Whoops, here come the love-seat-delivery dudes. Anyone want to place a bet on whether the sumbitch will fit through the back door?
• Late update: It fit. Barely. Like an H2 on a sidewalk. Sucker sure looked smaller on the showroom floor than it did going down the basement stairs.

So thats what on universal sports I was refresh more than a hooker on Saturday night on west colfax. Liepheimer stood up also. but at least I got to see him
There’s few things in life more frustrating than watching the other half spend perfectly good (and necessary) booze money on such useless crap as “guest beds” and “curtains”.
I feel your pain, Patrick.
John, the web traffic must be mur-der, as Bugs used to say. We nearly doubled our usual turnout at VN.com’s live updates, and I bet Universal was doing likewise. I wanted to see Menchov and Di Luca finish their rides, but hey, life’s a bitch. Universal’s been pretty stellar otherwise.
Barry, glad to hear I got a witness. Guest beds. Curtains. Feh. What’s next, one of them little ruffly things to cover the lid to the john? If I have to start drinking a blend instead of single malt, there’s gonna be hell to pay around here. I will take to muttering. Under my breath. Whenever Herself isn’t here, of course. Like now. Mumble, grumble, bitch, gripe, grouse.
Patrick,
Such a timely topic. This very weekend as the weather turns from sunny, repeat SUNNY and 84 for the last 3 days to cloudy, cold and damp for the weekend many members of my wife’s family will arrive for us to entertain.
If the weather had stayed nice I could spread them around the backyard and lower the density so to speak. Now it will be museum, museum, dinner and close confinement indoors. Don’t get me too wrong they’re nice folk, but the cycling as ‘quaint eccentricity’ attitude tends to chafe. That and not being able to use bad weather as the cycling gods intended, to clean chains and adjust derailleurs, just seems so wrong.
Oh well looks like a tail wind for the commute back home, I’ll just make the most of it.
Ben, we’re right there with you in the Ark. Sunny and hot yesterday, cloudy and damp today, with more of the same expected throughout the weekend. Slathering on the sunscreen one moment and pulling on the sweatpants the next. O, lawd. Hope your house is bigger than our 1,200-square-footer. This place fills up faster than an Irish pub on St. Paddy’s Day.
What’s with the visitors all of a sudden? Is the economy so bad, no one wants to use their own toilet paper? Drop trou in someone else’s reading room, they’re thinking?

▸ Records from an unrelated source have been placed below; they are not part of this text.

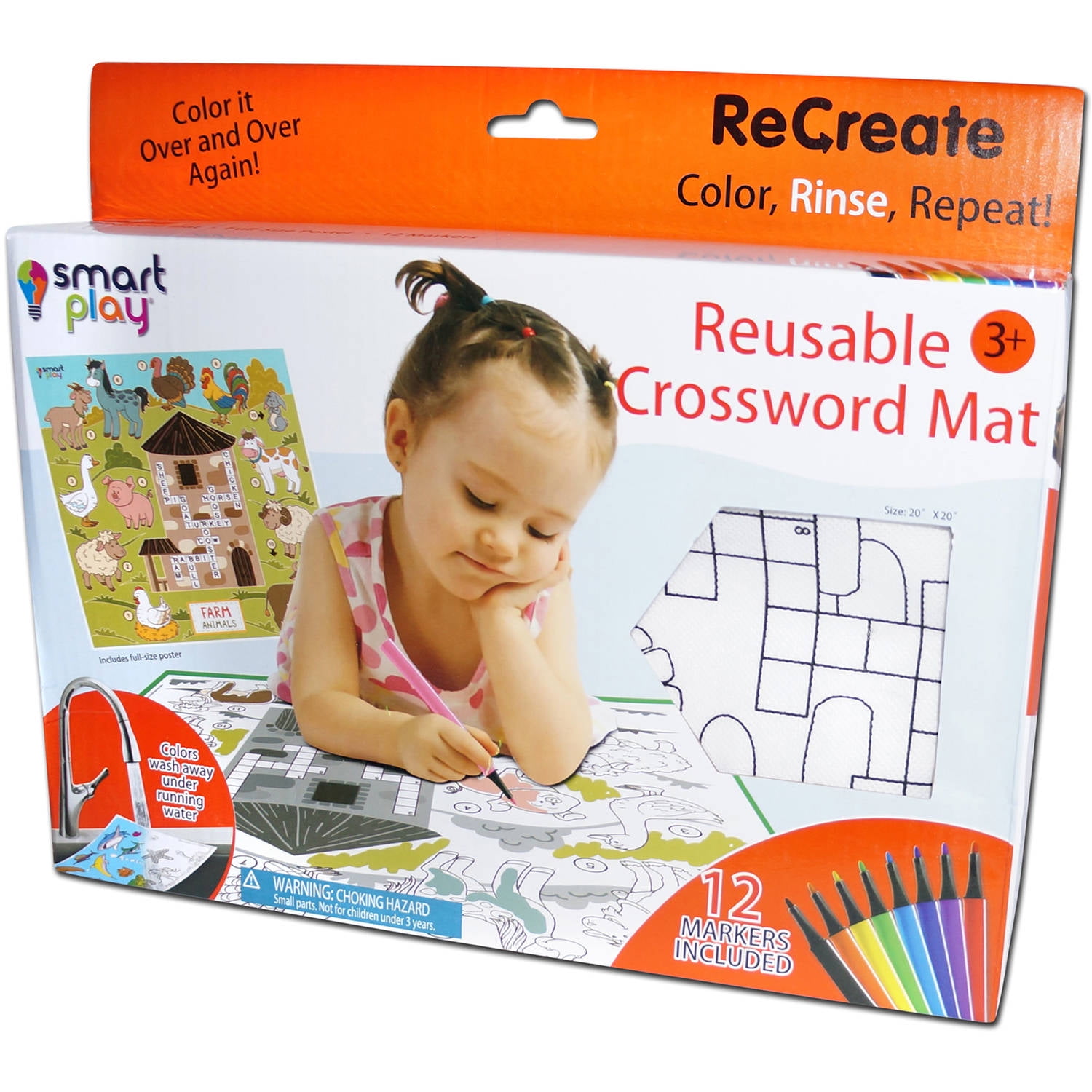 Smart Play ReCreate Large Reusable Coloring and Crossword Puzzle Mat
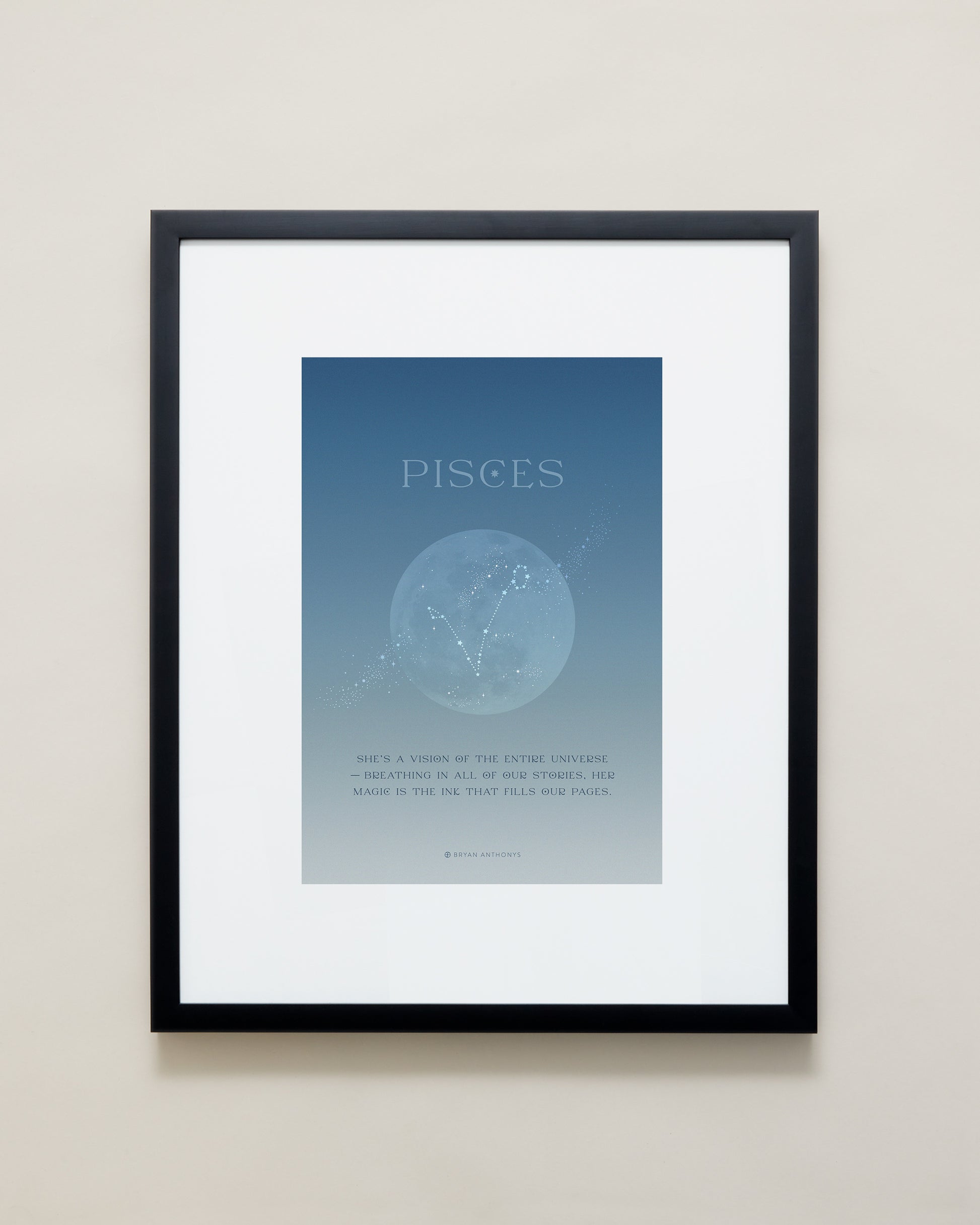 Bryan Anthonys Pisces Zodiac Moon Graphic Framed Print Black Frame 16x20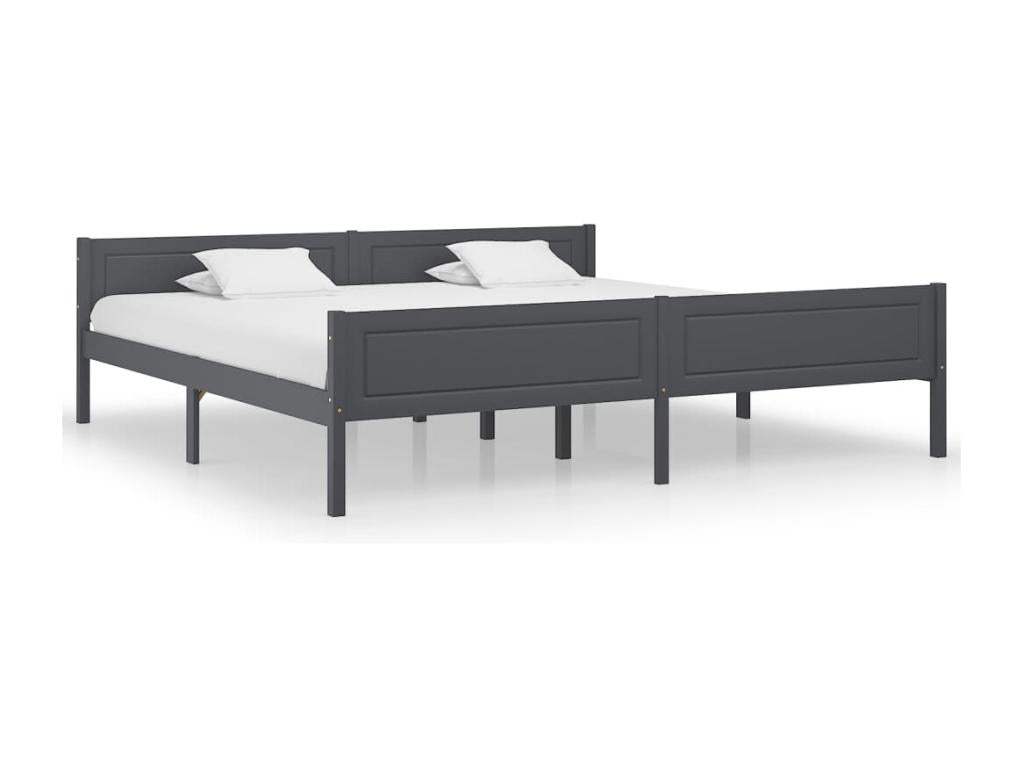 Bed frame without mattress, solid grey pine wood, 200x200 cm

All of a sudden I’m more popular than the ear plug salesman at the 6th grade recital.
Its funny how the nice drapes and fancy kitchenware suddenly become more important than single-malt and new Vittorias when Mom is on the way over. But that’s one battle one can never contest. Unless one likes sleeping in the Longbed indefinitely, eh?
Thankfully, we are getting the 48 degree rain this weekend rather than last, when 2600 people were doing the Santa Fe Century ride. God is occasionally good, but He/She would be a more convincing act if Cheneydick suddenly developed a lifetime case of laryngitis. I think we should all chip in and send the guy water buckets and 2″ x 12″ x 8′ boards. Subtle enough?
Yeah, we’ve been doing involuntary econ contribution since the first of the year. I took stock last week, and it’s scary. Washer and dryer crapped out in Jan, Micro in Feb, weed whacker last week. I’d rather not replace that one, but my smarter half controls the purse.
Last week was 1k on oral surgery and another k on arch supports for her. Oh yeah, anotherK just this last Monday on tires, shocks and struts. F’kin America better be grateful!